# MIPCA Testing Notebook

This notebook provides comprehensive testing and visualization for the MIPCA (custom PCA implementation) class.

## Table of Contents
1. [Setup and Imports](#setup)
2. [Basic MIPCA Testing](#basic-testing)
3. [Comparison with scikit-learn PCA](#sklearn-comparison)
4. [Visualizations](#visualizations)
5. [Real-world Dataset Examples](#real-world)
6. [Performance Analysis](#performance)


## 1. Setup and Imports {#setup}


In [None]:
# Import required libraries
import numpy as np
import matplotlib.pyplot as plt
import seaborn as sns
from sklearn.decomposition import PCA
from sklearn.datasets import load_iris, load_digits, make_blobs
from sklearn.preprocessing import StandardScaler
import pandas as pd
import time

# Import our custom MIPCA implementation
from main import MIPCA

# Set up plotting style
plt.style.use('default')
sns.set_palette("husl")
np.random.seed(42)


## 2. Basic MIPCA Testing {#basic-testing}

Let's start by testing the basic functionality of our MIPCA implementation.


In [None]:
# Create synthetic data for testing
print("=== MIPCA Basic Testing ===")

# Generate synthetic data with some correlation structure
rng = np.random.default_rng(42)
n_samples, n_features = 100, 5
X = rng.normal(size=(n_samples, n_features))

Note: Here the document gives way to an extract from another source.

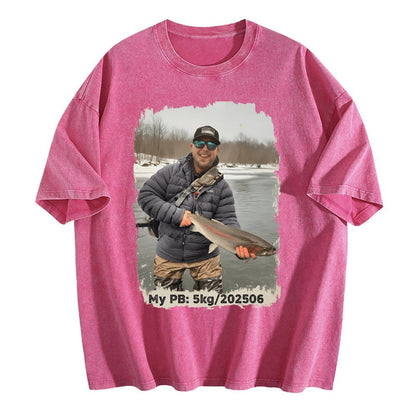 Custom Personal Best Fishing Washed T-Shirt with Your Photo - Custom Photo & PB Catch Weight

# Add some correlation structure
X[:, 2] = X[:, 0] * 0.8 + rng.normal(scale=0.1, size=n_samples)
X[:, 3] = X[:, 1] * 0.6 + rng.normal(scale=0.2, size=n_samples)

print(f"Data shape: {X.shape}")
print(f"Data mean: {X.mean(axis=0)}")
print(f"Data std: {X.std(axis=0)}")


In [None]:
# Test MIPCA with different n_components
for n_comp in [2, 3, None]:
    print(f"\n--- Testing MIPCA with n_components={n_comp} ---")
    
    pca = MIPCA(n_components=n_comp)
    Z = pca.fit_transform(X)
    
    print(f"Transformed shape: {Z.shape}")
    print(f"N components fitted: {pca.n_components_}")
    print(f"Explained variance: {pca.explained_variance_}")
    print(f"Explained variance ratio: {pca.explained_variance_ratio_}")
    print(f"Total variance explained: {pca.explained_variance_ratio_.sum():.4f}")
    
    # Test reconstruction
    X_recon = pca.inverse_transform(Z)
    reconstruction_error = np.mean((X - X_recon)**2)
    print(f"Reconstruction error (MSE): {reconstruction_error:.6f}")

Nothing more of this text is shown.